> _ASSIGNMENT_: Once you find the line below that contains "Unusual Grueby Pottery", write it out along with every later line exactly as given, stopping only when the records end. Omit the pictures.

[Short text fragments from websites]
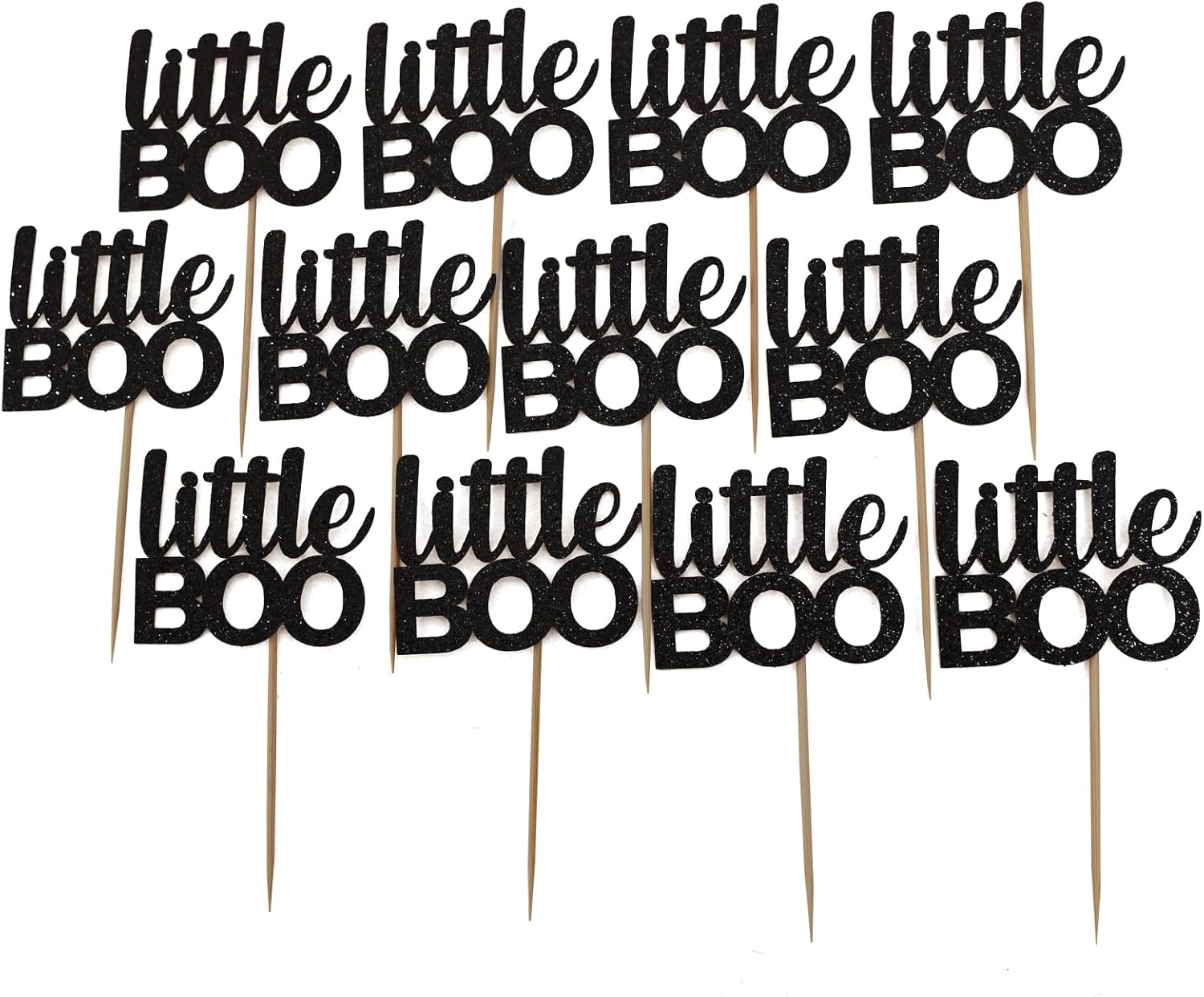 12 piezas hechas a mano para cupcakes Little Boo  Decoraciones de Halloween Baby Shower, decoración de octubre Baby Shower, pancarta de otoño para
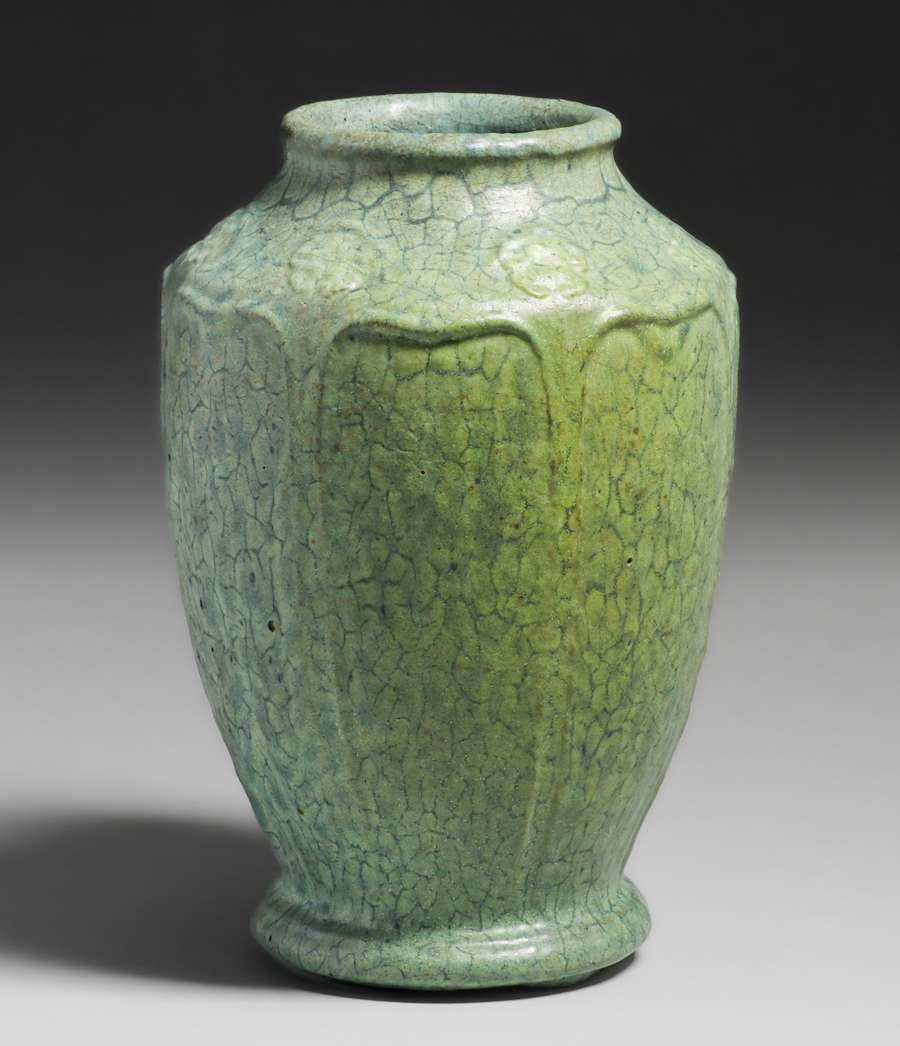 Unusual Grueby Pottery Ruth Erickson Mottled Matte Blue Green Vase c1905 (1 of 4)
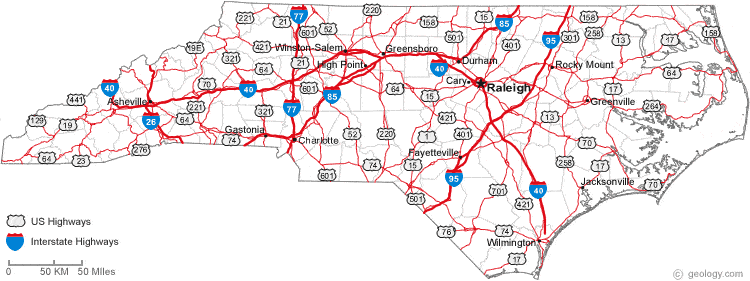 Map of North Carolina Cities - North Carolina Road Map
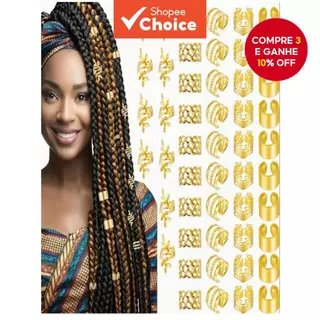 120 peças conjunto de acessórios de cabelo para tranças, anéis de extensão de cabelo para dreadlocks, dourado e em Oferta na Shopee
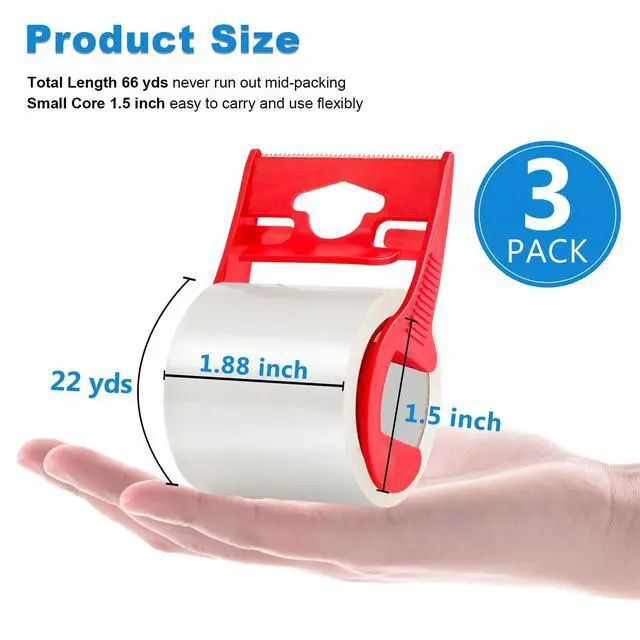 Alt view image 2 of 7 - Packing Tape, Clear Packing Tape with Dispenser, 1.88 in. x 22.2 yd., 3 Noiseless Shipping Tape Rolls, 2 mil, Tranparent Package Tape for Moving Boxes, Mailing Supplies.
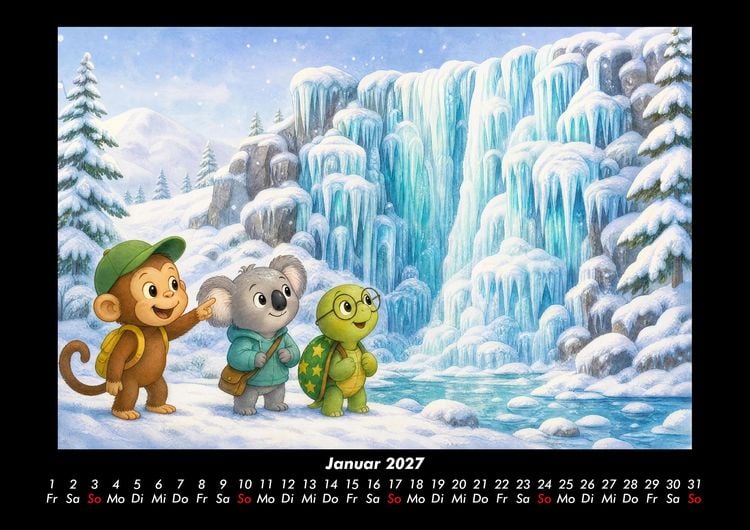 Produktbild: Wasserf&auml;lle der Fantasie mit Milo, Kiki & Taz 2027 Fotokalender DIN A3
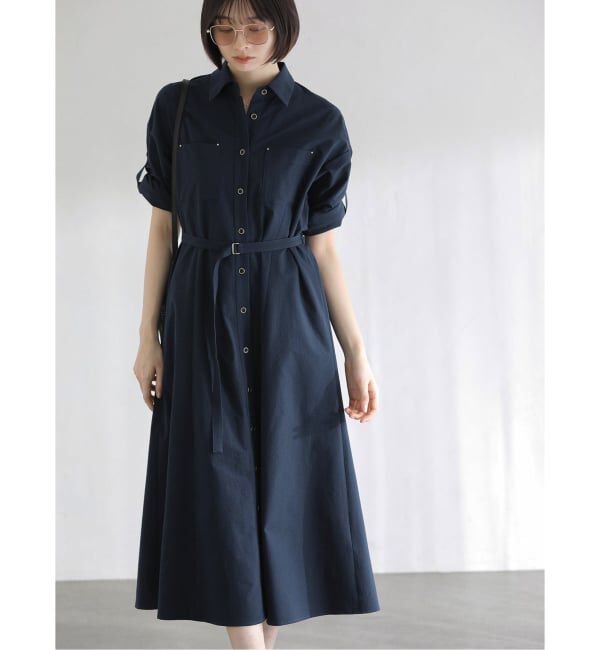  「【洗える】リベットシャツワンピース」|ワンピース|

> _WRITTEN REPLY_:
 Unusual Grueby Pottery Ruth Erickson Mottled Matte Blue Green Vase c1905 (1 of 4)
 Map of North Carolina Cities - North Carolina Road Map
 120 peças conjunto de acessórios de cabelo para tranças, anéis de extensão de cabelo para dreadlocks, dourado e em Oferta na Shopee
 Alt view image 2 of 7 - Packing Tape, Clear Packing Tape with Dispenser, 1.88 in. x 22.2 yd., 3 Noiseless Shipping Tape Rolls, 2 mil, Tranparent Package Tape for Moving Boxes, Mailing Supplies.
 Produktbild: Wasserf&auml;lle der Fantasie mit Milo, Kiki & Taz 2027 Fotokalender DIN A3
  「【洗える】リベットシャツワンピース」|ワンピース|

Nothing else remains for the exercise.